There will accordingly be pressure on colleges and graduates schools to relax grading standards, give credit for group work, allow students to repeat courses, mandate contextualised assessment policies, hold instructors responsible for the performance of students. Faculty who talk about the decline in standards or disparities in achievement will be disciplined and ostracised.

The significant thing about standardised tests is that they correlate quite highly with general intelligence or cognitive ability and also with each other. They played a significant role in the growth of American higher education and research in the twentieth century and the transformation of the Ivy league from a place for producing literate and well behaved young gentlemen into intellectual powerhouses that contributed to the economic and scientific dominance of the US in the second half of the twentieth century.

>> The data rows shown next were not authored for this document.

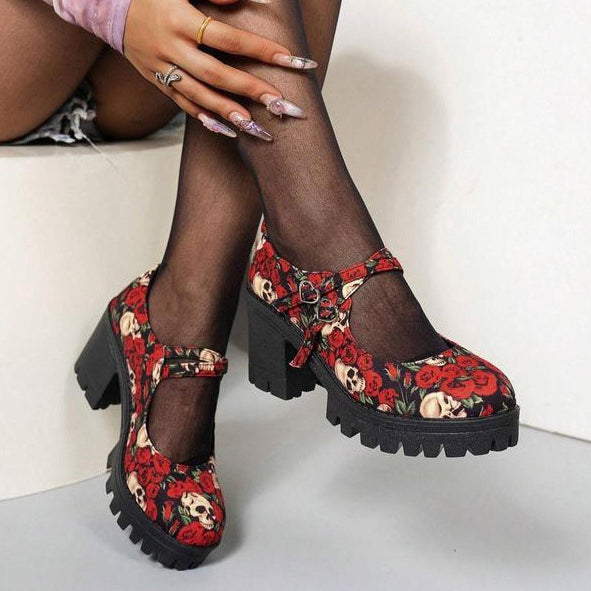 Skull and floral print high-heeled shoes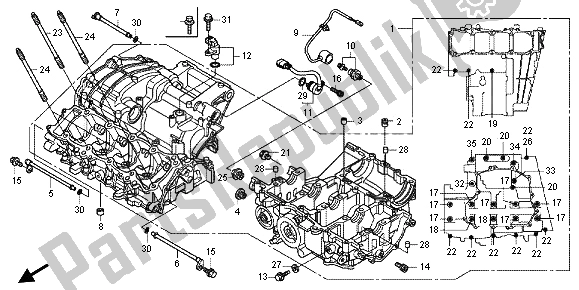 All parts for the Crankcase of the Honda CBR 1000 RR 2013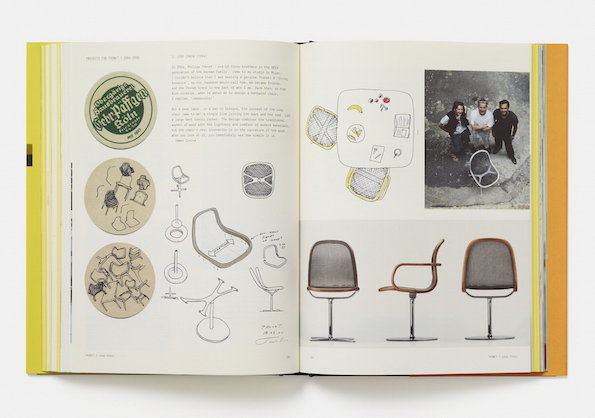 An open book showing a layout of text, sketches and photographs. The pages feature design studies and photos of three mid-century modern chairs with curved wooden frames and mesh seats.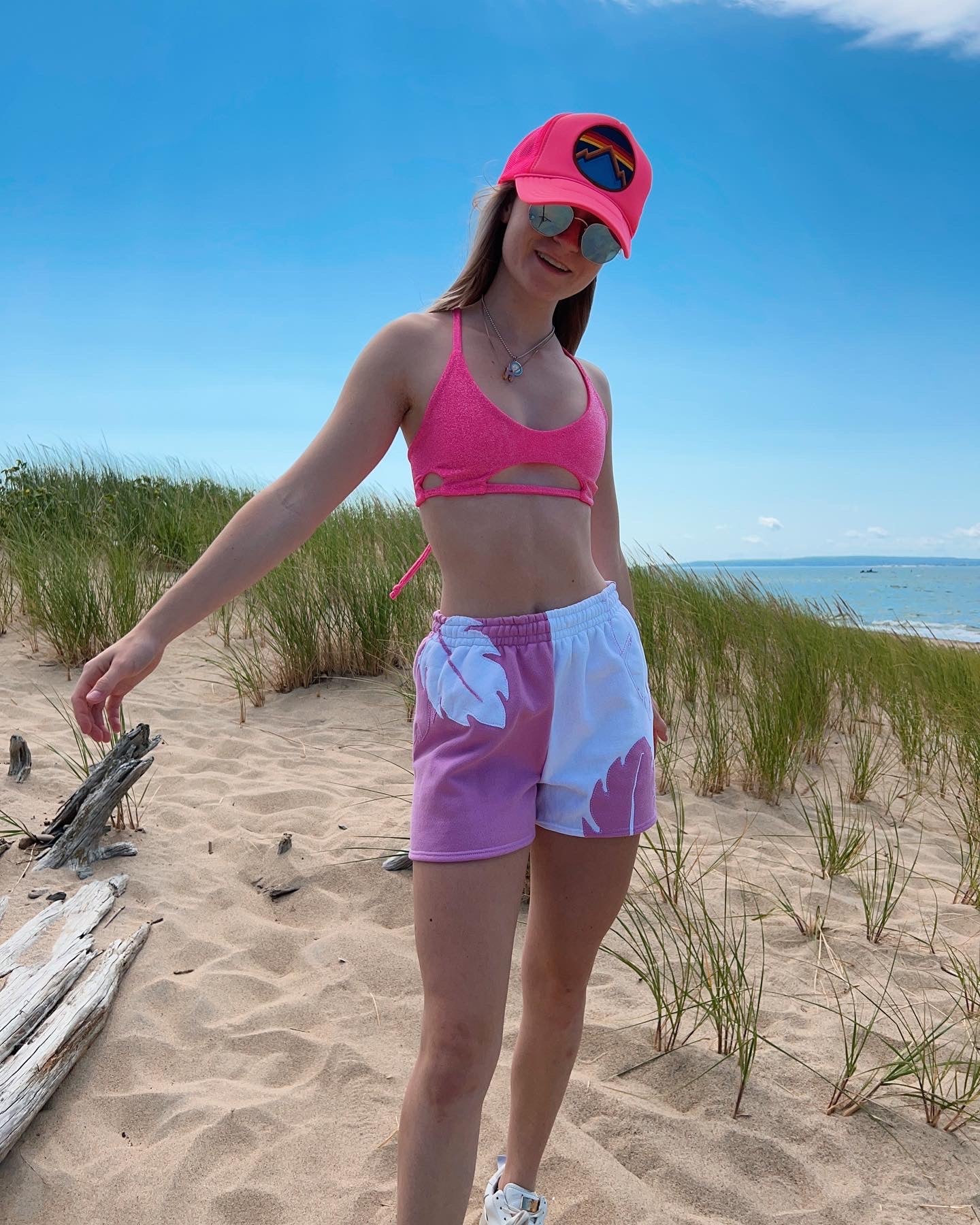 (XS/S) Pink Aloha Reworked Shorts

They are also a good predictor of academic performance although perhaps not quite as good by themselves as high school grades which are influenced by conscientiousness and social conformity

It now seems likely that there will be increasing pressure to get rid of standardised tests altogether. In California there is a court case in process to make it illegal to used tests for university admissions and Carol Christ, Chancellor of the University of California (UC) Berkeley, has declared in favour of abolition.

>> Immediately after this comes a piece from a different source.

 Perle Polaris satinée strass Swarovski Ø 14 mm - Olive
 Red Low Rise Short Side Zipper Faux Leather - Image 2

Getting rid of tests will mean getting rid of an objective measure of students' intelligence and academic ability. Grades are, as noted above, a slightly better predictor overall of academic performance but there are contexts where tests can add vital information to the admission process. Grade inflation throughout US high schools is creating a large number of students with perfect or near perfect grades but with huge differences in cognitive skills. Without tests there will be no way of distinguishing the truly capable from the diligently mediocre or the aggressively conformist.

If  UC does stop using the SAT or ACT for admissions it is unlikely that it will institute a policy of open admissions, at least not yet. It is more probable they it will shift the criteria for selection to high school grades, teachers' recommendations, group membership, and unsupervised personal essays. The consequences of selection though inflatable high school grades and other subjective measures will almost certainly be a significant decline in the average cognitive skills of students at currently selective universities.

American universities will probably become more representative of the ethnic, gender and racial structure of America or the world, more conscientious, more extroverted, more socially aware. Perhaps this will be compensation for the decline in cognitive ability.

It is unlikely that the levelling process will end there. In the years to come there will very probably be demands that universities stop using high school grades or admission essays or anything else that shows a social or racial gap. Studies will be cited showing that wealthy white parents help their children with homework or drive them to volunteering activities or pay for sports equipment or get professional advice about their diversity essays. 

Ultimately there will be a situation where American universities  see a noticeable decline in the academic and cognitive ability of students and graduates in comparison with China and the Chinese diaspora, Japan, Korea, Russia and Eastern Europe and maybe India. Almost certainly this will be attributed by educational experts to the stinginess of federal and state authorities.

Perhaps there will come another Sputnik moment when America  realises that it has fallen behind its competitors. If so it will probably be too late.